See the [Getting Started](https://dgegen.github.io/astrafocus/notebooks/getting_started.html) notebook for a full walkthrough, or `explorations/speculoos_main.py` for a more complete real-world example.

## Key components

### Autofocus

- **`AnalyticResponseAutofocuser`** — sweeps the focuser through a range of positions, measures focus quality, and fits an analytic curve (e.g. parabola) to locate the optimum.
- **`NonParametricResponseAutofocuser`** — same sweep strategy, but uses a non-parametric smoother (LOWESS, spline, or RBF) instead of an analytic fit.

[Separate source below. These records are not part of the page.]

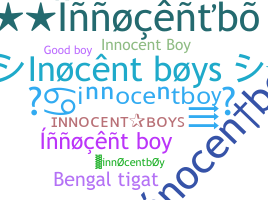 उपनाम - innocentboy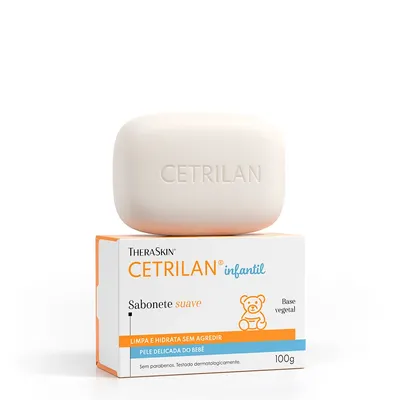 Sabonete em Barra Suave Cetrilan Infantil com 100g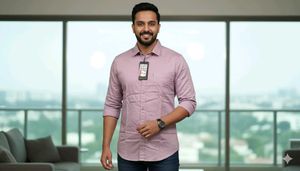 Stylish Lavender Men's Shirt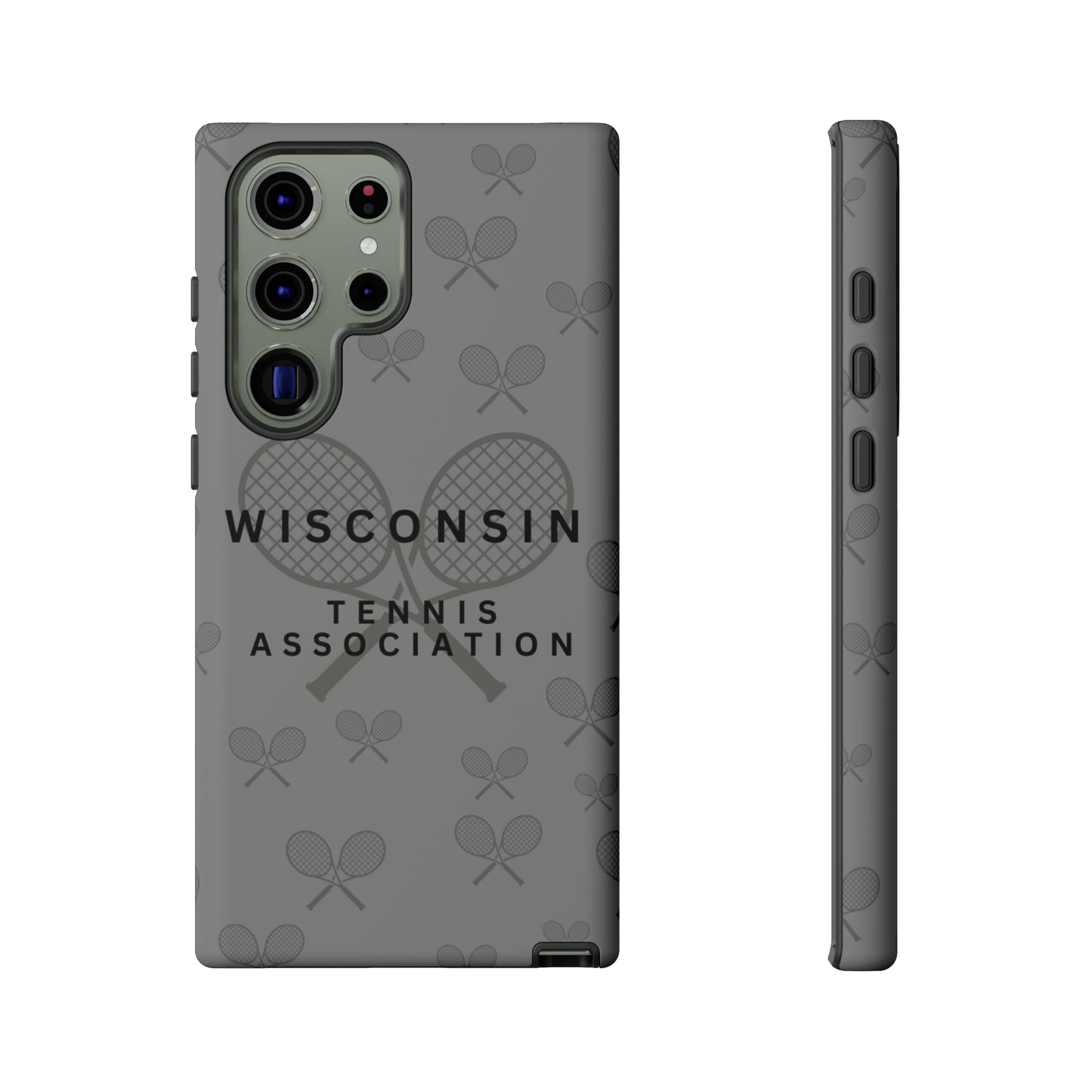 WTA Midnight Grey Racquets Impact-Resistant Tough Cases (iPhone & Samsung)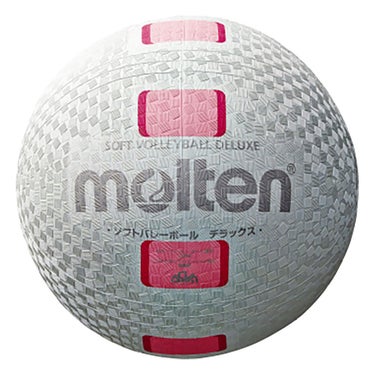 モルテン molten　ソフトバレーボールデラックス S3Y1500-WP 白ピンク　 白ピンク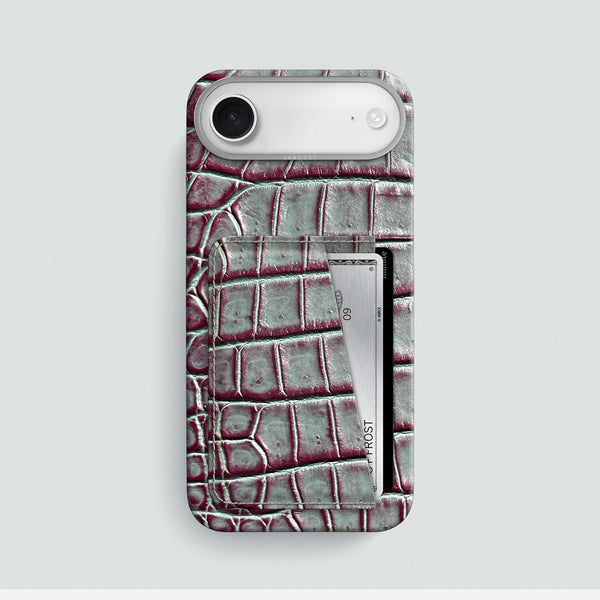 Double Card Case 1/1 Cardinal-Shine For iPhone 17 Air In Alligator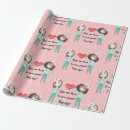 Search for nurse wrapping paper Hearts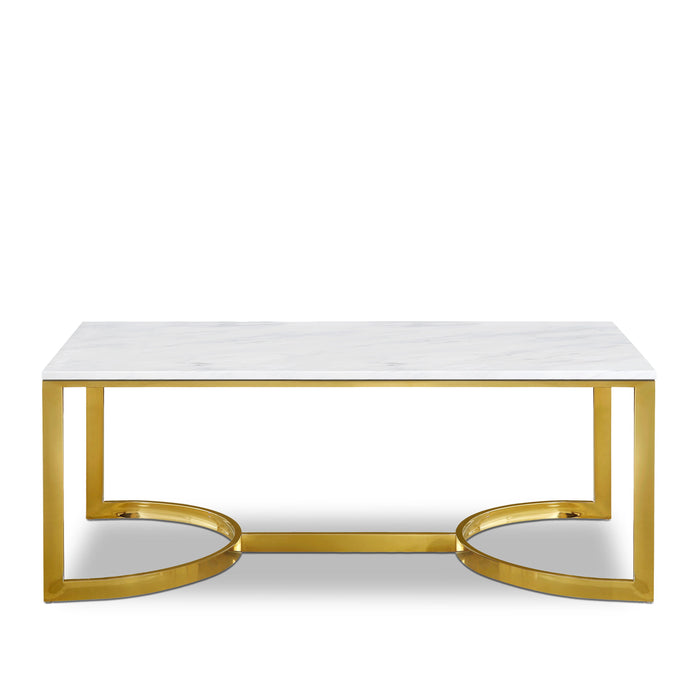 London - Coffee Table - Gold - Simple Home Plus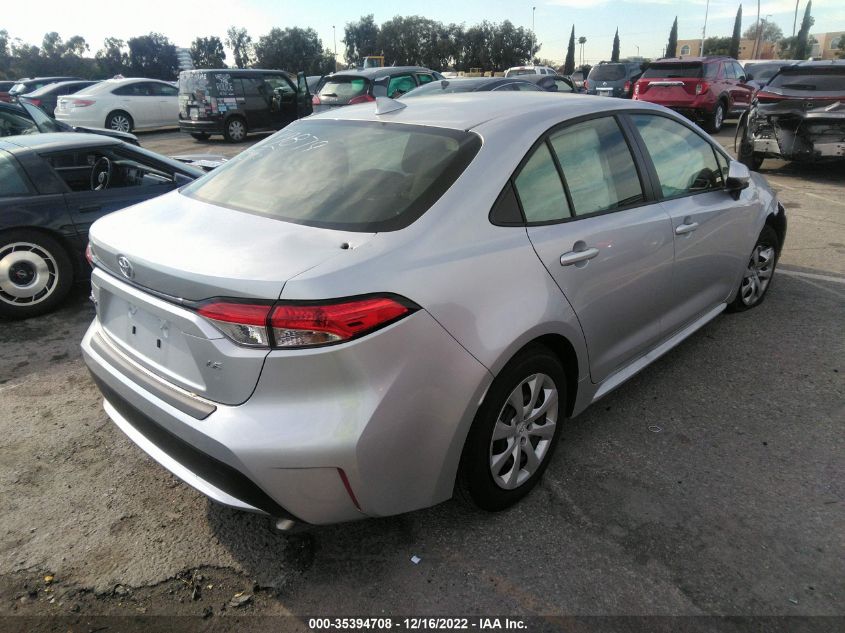 2022 TOYOTA COROLLA LE VIN: JTDEPMAE1N3030424
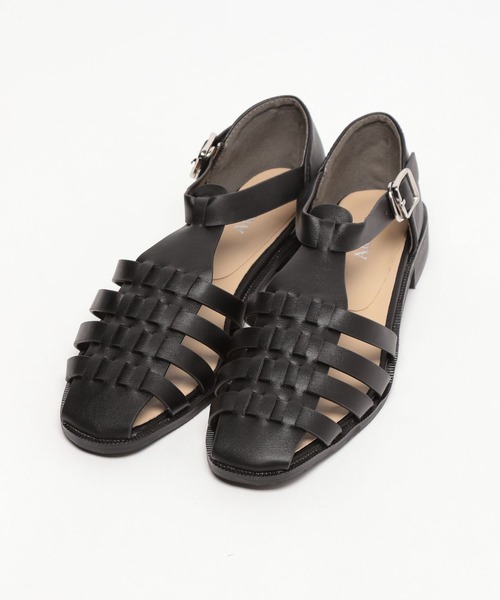 Andemiu（アンデミュウ）の「【SサイズWEB限定】グルカフラットサンダル191465（サンダル・レディース・オフホワイト/ブラック/ベージュ・SMALL/MEDIUM/LARGE）」の6枚目の写真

Works with any focus measure operator.
- **`FocusMeasureOperatorRegistry`** — 13 built-in operators: star-size estimators (`hfr`, `gauss`) and image-sharpness metrics (`fft`, `tenengrad`, `laplacian`, `brenner`, …).

### Sky targeting

- **`ZenithNeighbourhoodQuery`** — queries a Gaia-2MASS catalogue (local SQLite or remote) to find a region near zenith with a suitable density of stars for focus calibration.

### Hardware interface

Connect real hardware by implementing two classes:

- **`CameraInterface`** — one method: `perform_exposure(texp)`.
- **`FocuserInterface`** — one method: `move_focuser_to_position(position)`.

Wrap them in `AutofocusDeviceManager` and pass it to any autofocuser. For hardware-free development and testing, use the built-in `CabaretDeviceSimulator` (synthetic images) or `ObservationBasedDeviceSimulator` (replay from FITS files).

## The Gaia-2MASS Local Catalogue

The sky-targeting component requires a local Gaia-2MASS catalogue, available at [ppp-one/gaia-tmass-sqlite](https://github.com/ppp-one/gaia-tmass-sqlite).

May your stars align and your focus be as sharp as a caffeinated owl spotting its prey!